■ Exercise goal ■
A precise reproduction of every record below is needed, minus the pictures.
|---|
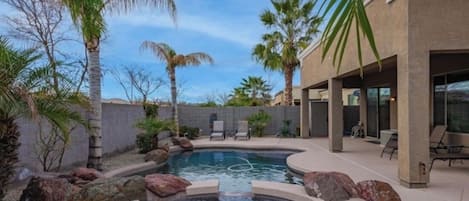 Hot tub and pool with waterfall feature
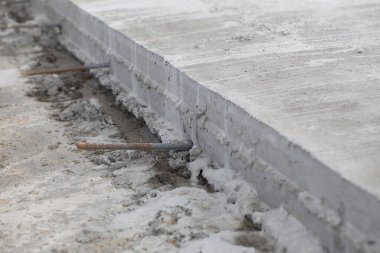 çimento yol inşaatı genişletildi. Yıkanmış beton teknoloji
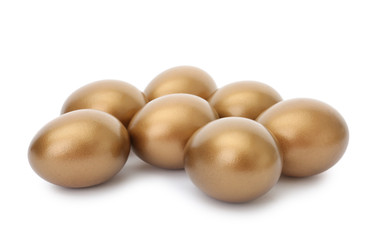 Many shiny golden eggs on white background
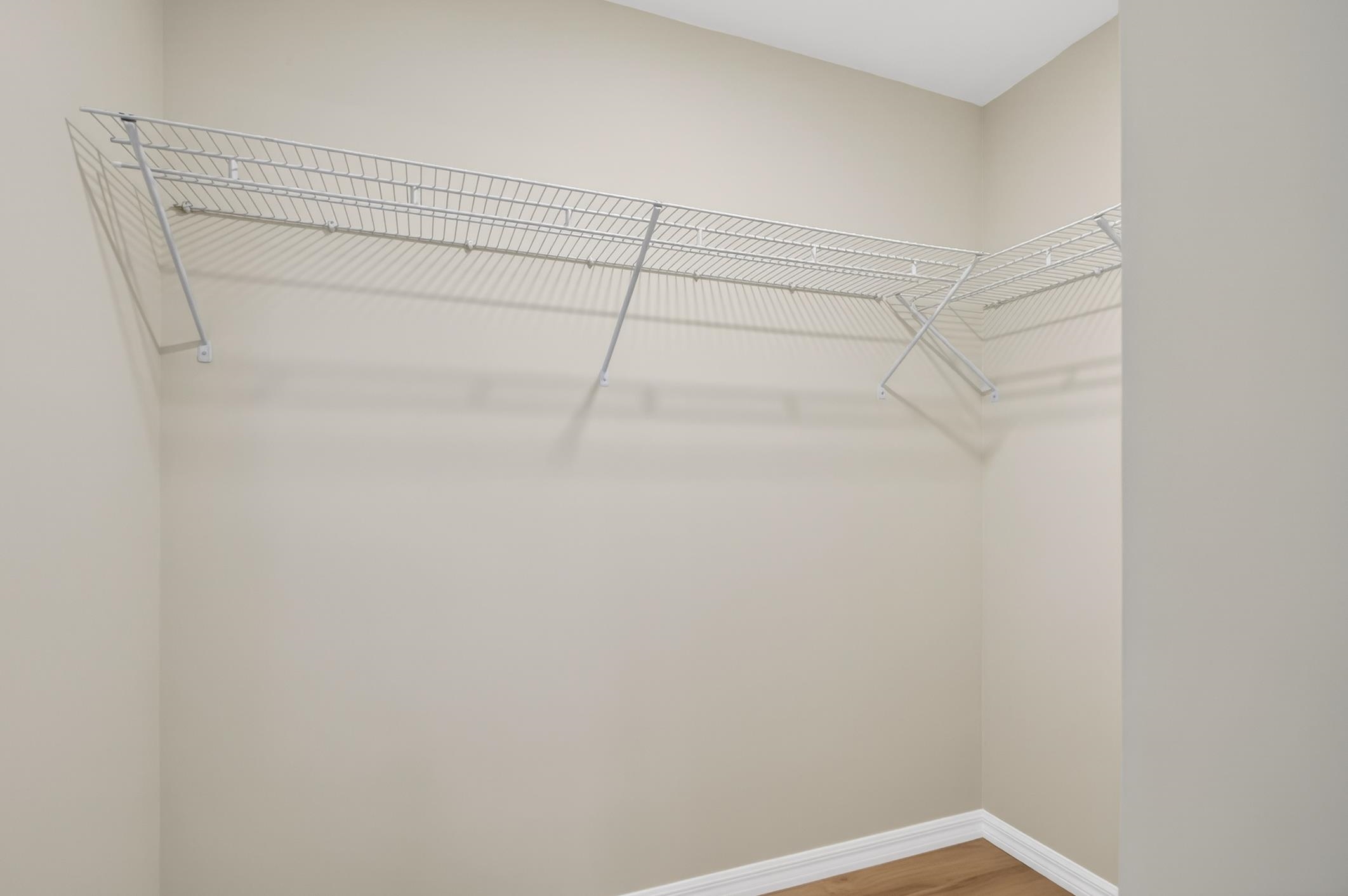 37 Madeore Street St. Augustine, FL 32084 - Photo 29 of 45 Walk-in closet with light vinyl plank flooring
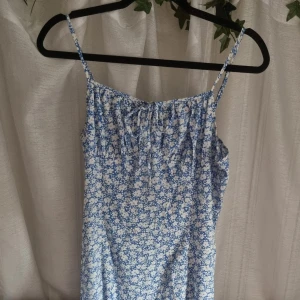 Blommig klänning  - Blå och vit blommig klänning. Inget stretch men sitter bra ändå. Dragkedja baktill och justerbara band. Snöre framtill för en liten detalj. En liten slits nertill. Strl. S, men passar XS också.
|---|
■ Reply ■
 Hot tub and pool with waterfall feature
 çimento yol inşaatı genişletildi. Yıkanmış beton teknoloji
 Many shiny golden eggs on white background
 37 Madeore Street St. Augustine, FL 32084 - Photo 29 of 45 Walk-in closet with light vinyl plank flooring
 Blommig klänning  - Blå och vit blommig klänning. Inget stretch men sitter bra ändå. Dragkedja baktill och justerbara band. Snöre framtill för en liten detalj. En liten slits nertill. Strl. S, men passar XS också.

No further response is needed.